Pulling up to our elementary school to pick up the girls last week and as I inched closer I noticed they were both in tears. They were standing with their hands intertwined and locked at their sides and clearly holding back the full out ugly cry. They loaded in the minivan and Evy immediately burst into full out sobs, ” they were making fun of us and said ‘you are not sisters.'” The other kids had clearly pointed out the first thing everyone notices about our family, our children have different skin colors and therefore; in their grade school logic and experience, could not be real sisters. 

My Mama heart was heavy. I know this is a thing.  I only understand the very beginnings of the journey this will be and all that is yet to unfold regarding race, privilege, power, identity, and culture.  It is overwhelming.  I know this will continue to be an issue. And we choose this. We knew it.  But it still doesn’t make it easier. I find myself again and again feeling undone.
The principal waved me over and was very supportive and explained what had happened and I communicated a bit more about why this is so raw right now with a big court date approaching.  This was the second time in a 2 weeks that other kids from school have pointed this out to our kids and insisted,  even after longer and shorter explanations that “love makes a real family,” that our four kids could not possibly be real siblings. 

We drove with quiet and loud sobs from the back seat and; as soon as we got to the safety of home, talked about all the things.  We talked and prayed and reminded each other that we. are. family.  Because we are in this together and family loves big and brave even when it is hard.  I told them this is a good opportunity to help others understand that family is not defined by the color of our skin or numerous other factors we try to make tick boxes for on standardized forms,
that our family is more messy and more beautiful than that,
that they are strong and resilient and this will only make them more so,
that sacred spaces of misunderstanding are places to dig into not run away from.

But it is hard to watch your children see how the world sees them, to watch them question and wonder if maybe everyone is right. This has been weighing so heavily on my heart friends. I think maybe because these comments hit deep places of insecurity in my parenting.  They rip off scabs of deep wounds of rejection that feel so fresh some days.  These comments brush up against deep doubts that maybe because it is all so hard it is not real.  They remind us of deep fears that maybe this could all change in an instance and the only people that don’t have any say in that are all of us.

As I have sat in this place for a bit I realized I need to share and to ask you to care and not just for a moment but to take the time to talk with your kids about families who may look different than yours, to ask and answer difficult questions, and to remind me my community will embrace our family. I know you do this friends, because I do life with many of you and we are all trying to raise our kids to see and love others so I feel safe asking this of you.  I want to do this for you too so please know you are welcome at our table.
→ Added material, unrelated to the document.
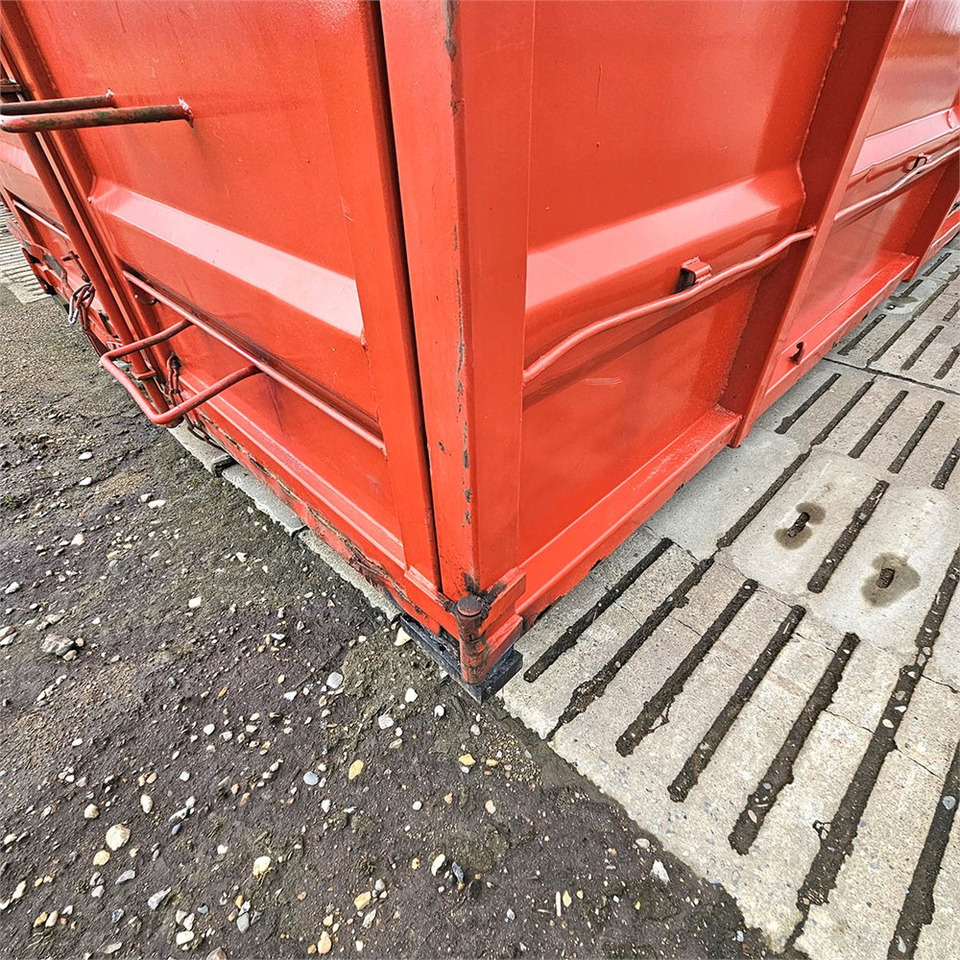 Benne ampliroll ABC Træfliscontainer med pressening.: photos 14 Benne ampliroll ABC Træfliscontainer med pressening.: photos 14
I want to be teachable and learn and help my kids embrace and love others in costly, creative, & life changing ways.  We talk about hard things and things that matter and in those places we point to Jesus. 

I do not have any blame or shame to hand out because I realize kids just do not know or have not seen this before so most of the comments we hear are from an entry point of curiosity.  Sure, there was the grown ass woman who walked right up to me (in front of our daughter!!) and asked “where is her real Mom?” Just B.L.E.S.S. But for the most part the questions and comments are from genuine curiosity. But just as I have learned how much my privilege seeps from my lips by the correction of people who have loved me enough to challenge me. I want to challenge us all to help our kids be shaped and molded into people who have concern and care for families that look different from their family of origin   There was also another student who, in that moment came to E & R’s side and stood with them and said “they are sisters so leave them alone!” I am so thankful when our girls were silenced by their overwhelming emotions another child stood in that gap.  We all want to raise gap fillers; kids that will not allow silence when there should be encouragement and courage.

So in my attempt to add something small to this larger discussion I want to help others understand our perspective so we can better love one another. I would not know had I not lived this journey. Friends, can you talk with your kids this week about what makes a family?  Here are several things our family discussed and want to humbly add to the convo: 

*Families come together in many different ways and while we don’t always understand we can respect them and believe what they say about themselves.

*You can ask questions but do not make a definitive statement based on observations. You just do not have the full story and it can be too painful for those kids to push YOUR narrative on them.

*It is their story to share and some days they may want to talk about it and some days they just don’t have it in them to explain yet again and you get to be ok with that. It is THEIR story.

*Sometimes it is ok to ask a question but it is ALWAYS ok to just be a friend and learn more about someone by actually living life with them (it will all make more sense then anyway).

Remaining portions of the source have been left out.